FIG. 7 is a diagram showing a general structure of the transport stream. As shown in FIG. 7, a transport stream is formed from 188-byte packets (TS packets). Each TS packet is divided into a header portion and a data portion. The header portion includes reference time information called PCR (Program Clock Reference) and the like. On the other hand, the data portion includes one type of data out of general data such as video data, audio data, program specific information (PSI) data and additional data.
As shown in FIG. 7(a), a bitstream of the video data, audio data or additional data is called an elementary stream. The elementary stream is packetized by a prescribed unit into PES (Packetized Elementary Stream) packets. The PES packet is formed from a PES packet header and PES packet data that forms a part of the elementary stream. The PES packet header includes decoding time (DTS), display time (PTS) and the like of the elementary stream. The PES packet is packetized by a prescribed unit into TS packets each having a TS packet header added thereto.
On the other hand, as shown in FIG. 7(b), the program specific information data is called a PSI section. The PSI section is formed from a PSI section header and a PSI table. The PSI section is packetized by a prescribed unit into TS packets each having a TS packet header added thereto.
It is possible to reproduce synchronized picture, audio and the like by decoding the transport stream as shown in FIG. 7 with reference to the header information and management data in the order of arrival.
An apparatus for recording such a transport stream onto a magnetic tape is disclosed in Japanese Laid-Open Publication No. 8-273305. The transport stream cannot be recorded on an analog video tape recorder and the like.
Therefore, the aforementioned publication proposes a method for recording on the magnetic tape an input transport stream or a stream corresponding to a single channel that is selected from the transport stream.
Problems
However, the prior art has the following problems.
The aforementioned method directly records an input transport stream or a stream corresponding to a single channel that is selected from the transport stream. Since a magnetic tape generally has a very large capacity, long recording time can be ensured even if the stream is thus directly recorded thereon.

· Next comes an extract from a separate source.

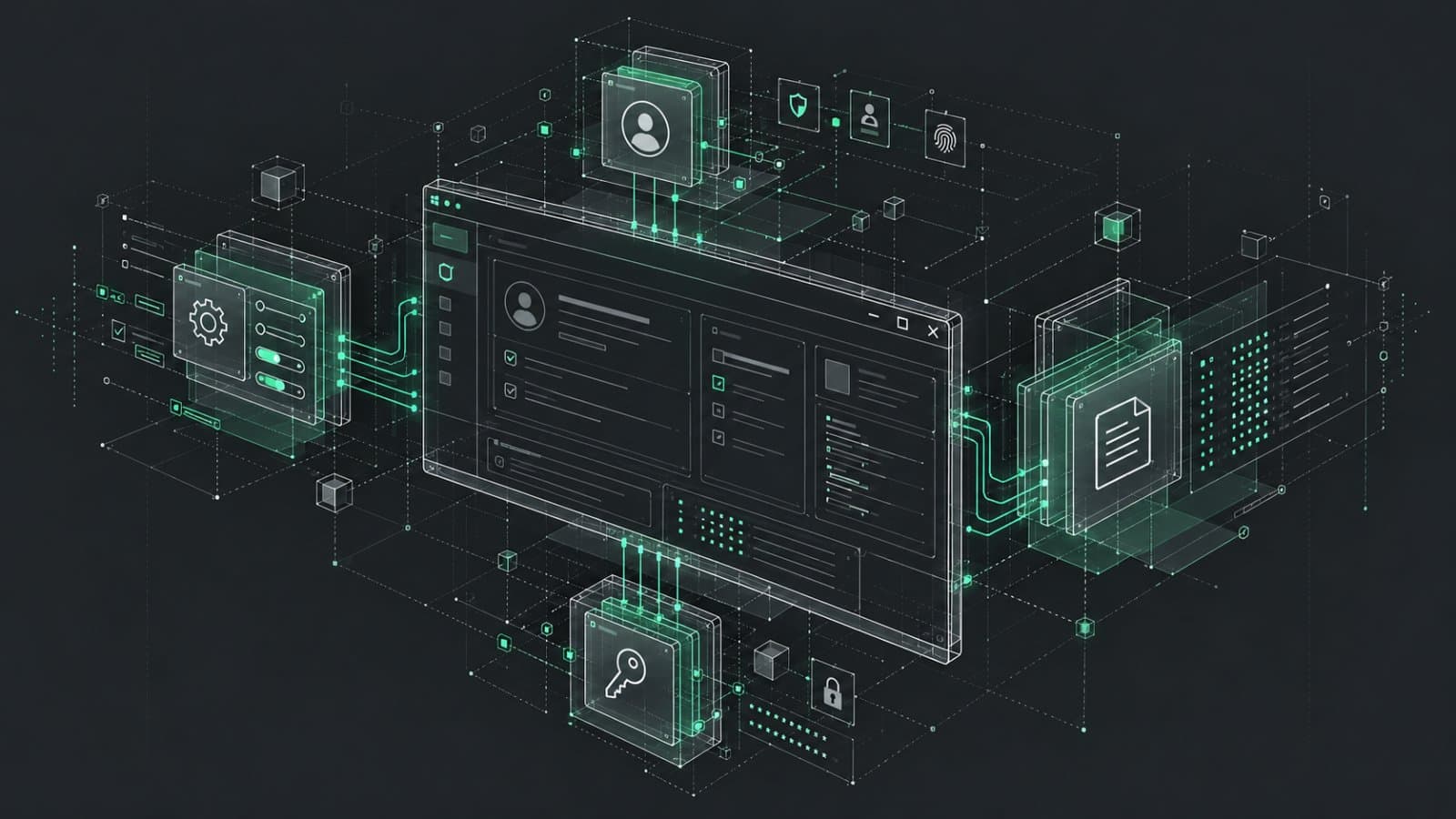 Concept illustration of modular blocks supporting a shared Windows application foundation.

However, a recording medium having a smaller capacity than that of the magnetic tape, e.g., an optical disk, has very short recording time when the stream is recorded thereon by the aforementioned method, causing a practical problem. For example, a typical high-capacity recording optical disk, DVD-RAM, has a capacity of 2.6 GB. A stream having a bit rate of 6 Mbps can be recorded on the DVD-RAM at most only for about one hour.
On the other hand, in a current analog VTR, recording for two to three hours is possible even in the standard mode. A movie, a sports program and the like normally last for about two hours. In view of the above, a recording optical disk such as DVD-RAM may not be utilized very much as a broadcast recording medium when a stream is recorded thereon using the conventional method.